§ ACTION ITEM: Transcribe the entries below exactly from their first line through the line containing "Eyesen Photo and", and let no picture into the copy.

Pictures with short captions

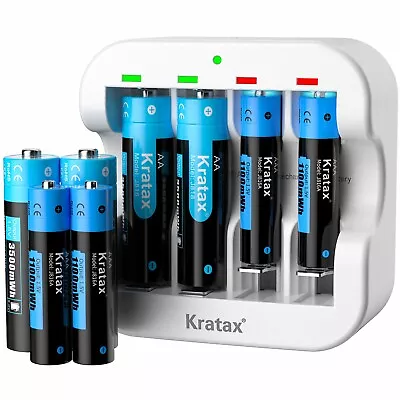 Kratax 1.5V Rechargeable Lithium AA AAA Batteries Li-Ion AA AAA Battery Charger • £22.77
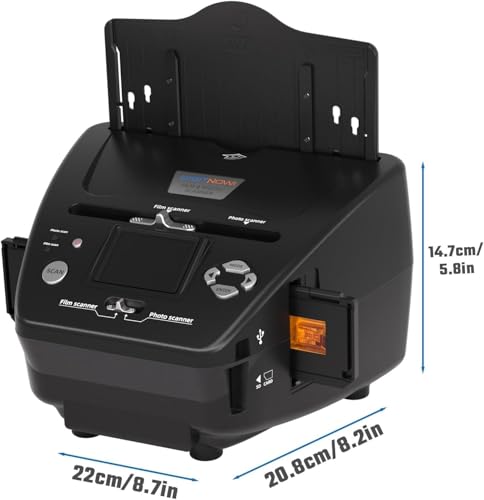 Eyesen Photo and Slide Scanner with 2.4” LCD Screen, Convert Negatives & Slides 35mm/135 Film, Photo(3R,4R,5R), Business Card to 22MP JPEG Digital Photos, 4GB SD Card Included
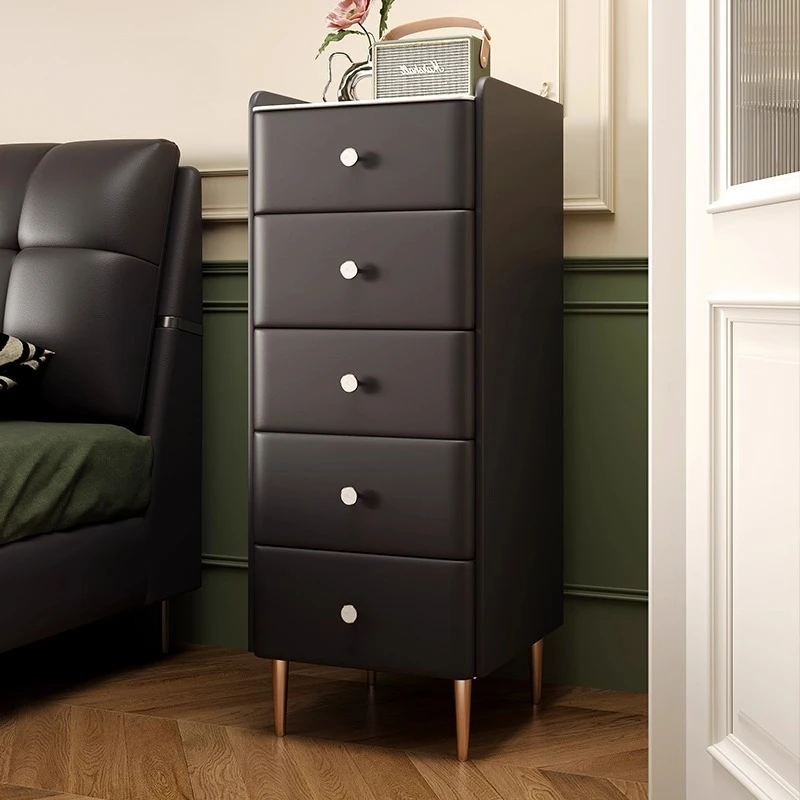 خزانة تخزين بأدراج بجانب السرير باللون الأسود على الطراز القديم من Bauhaus لتخزين المجوهرات الإيطالية البسيطة ومستشعر الضوء #3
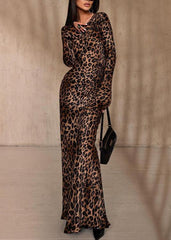 Round Neck Leopard Print Slim Fit Dress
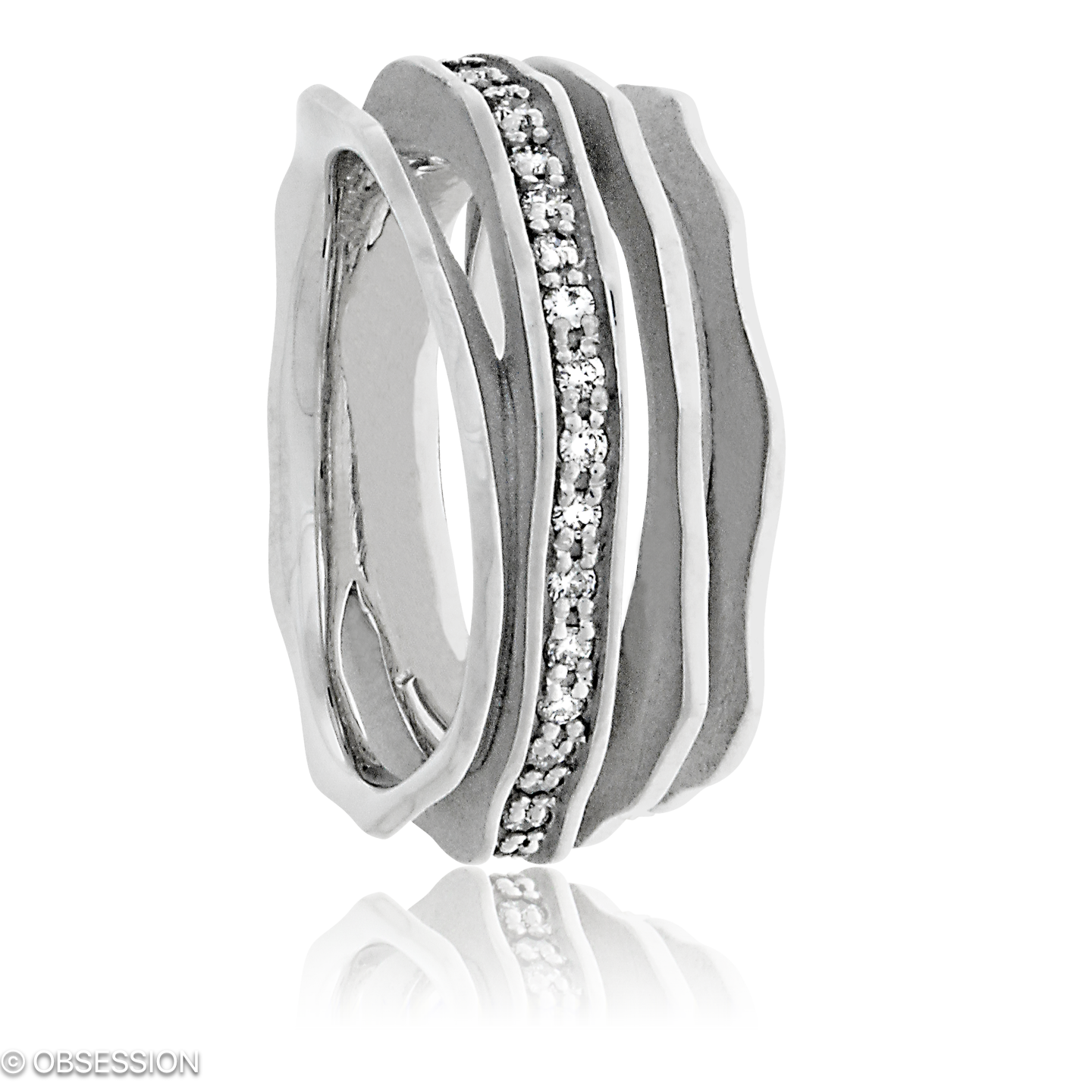 Himalaja Partnerring in Weissgold, mit einer Ringbreite von 9.5mm und einer Ringgrösse von 52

§ EXPECTED ANSWER:
 Kratax 1.5V Rechargeable Lithium AA AAA Batteries Li-Ion AA AAA Battery Charger • £22.77
 Eyesen Photo and Slide Scanner with 2.4” LCD Screen, Convert Negatives & Slides 35mm/135 Film, Photo(3R,4R,5R), Business Card to 22MP JPEG Digital Photos, 4GB SD Card Included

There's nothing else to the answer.